Which statement is true?

I. A foreign government can always raise taxes and control its domestic financial system to meet its foreign currency debt obligations.
II. A government bond denominated in US$ and issued by the Japanese central government is virtually risk-free for a U.S. investor.

User Contributed Comments 9

User Comment
parent The Japanese government may default on the issue.
o123 II. default risk + Xchange rate Risk
danrow Sometimes governments set fiscal policies to meet their foreign obligations. For instance, they might rise taxes, or improve collection of taxes in order to prepay debt and reduce the amount paid in interests to world organizations (such as the world bank).

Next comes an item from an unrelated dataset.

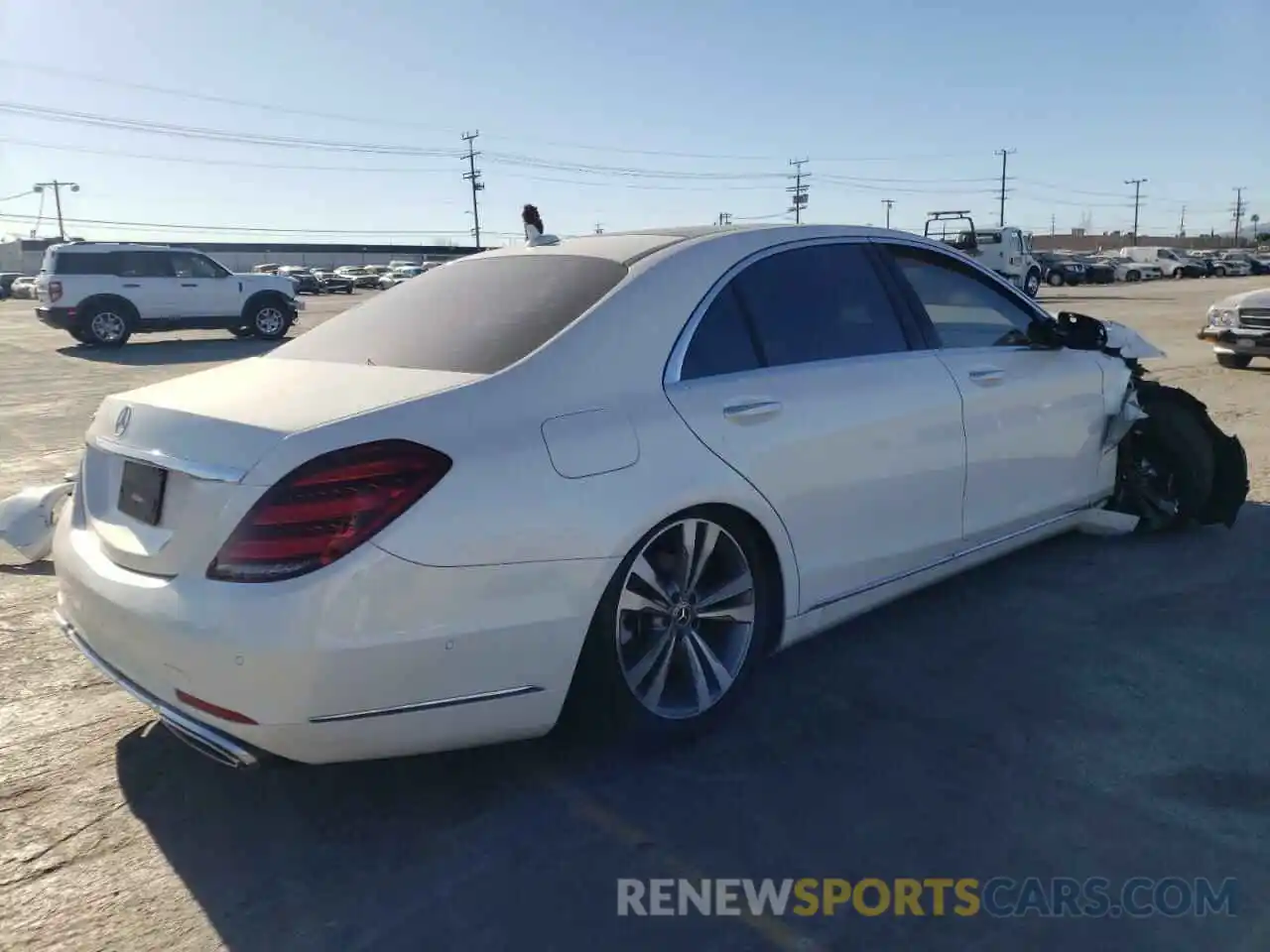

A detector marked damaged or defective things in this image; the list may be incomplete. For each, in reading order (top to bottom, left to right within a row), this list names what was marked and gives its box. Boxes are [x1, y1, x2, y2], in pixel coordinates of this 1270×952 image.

damaged front end [1048, 313, 1246, 532]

Best example Uruguay, Brazil and Argentina in 2006-7
CFALucille I see why, its because the Japanese can't print US dollars
hoyleng why is I incorrect??? pls explain. thanks
dipu617 It the foreign govt in "I" refers to US govt then its true. ;-)
fabsan The only reason I can think of why I is false is that: the Japanese gov has to make his payment in USD there they have to sell on the forex market Yen to buy USD. By using fiscal or monetary policy to raise fund to meet their payment, will bring the Yen down and therefore, they will need more and Yen to exchange and meet their payment in USD. They cannot play fiscal and monetary policies indefinitely (think about Greece, without the Euro)
kseeba17 Why wouldn't you just assume that the country would use its currency to purchase said foreign currency on the markets. It just seems like a semantic nonsense question made with the sole purpose of trying to fool you
gomez1234 HAHA, Turkey is applying exactly "I" currently so I thought it to be correct.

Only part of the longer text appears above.